PROVIDED DATA:
»»
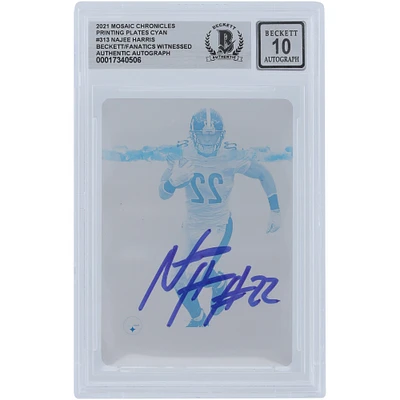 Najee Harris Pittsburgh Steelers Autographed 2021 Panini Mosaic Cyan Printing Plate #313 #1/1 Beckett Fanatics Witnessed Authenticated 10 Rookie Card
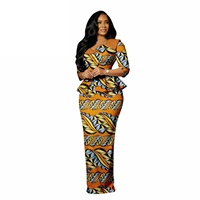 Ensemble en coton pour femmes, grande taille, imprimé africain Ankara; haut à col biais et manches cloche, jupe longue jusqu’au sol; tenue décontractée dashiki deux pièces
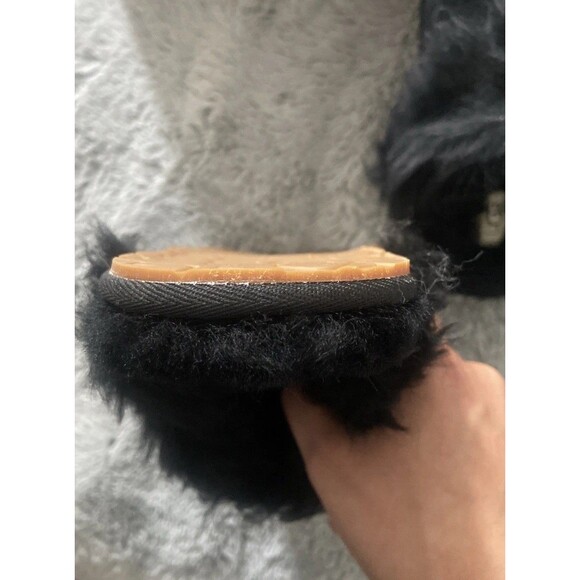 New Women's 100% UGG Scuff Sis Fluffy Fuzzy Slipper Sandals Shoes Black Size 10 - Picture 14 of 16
««
EXERCISE OBJECTIVE:
Please give all of the material again, exactly, without the images.

ANSWER AREA:
 Najee Harris Pittsburgh Steelers Autographed 2021 Panini Mosaic Cyan Printing Plate #313 #1/1 Beckett Fanatics Witnessed Authenticated 10 Rookie Card
 Ensemble en coton pour femmes, grande taille, imprimé africain Ankara; haut à col biais et manches cloche, jupe longue jusqu’au sol; tenue décontractée dashiki deux pièces
 New Women's 100% UGG Scuff Sis Fluffy Fuzzy Slipper Sandals Shoes Black Size 10 - Picture 14 of 16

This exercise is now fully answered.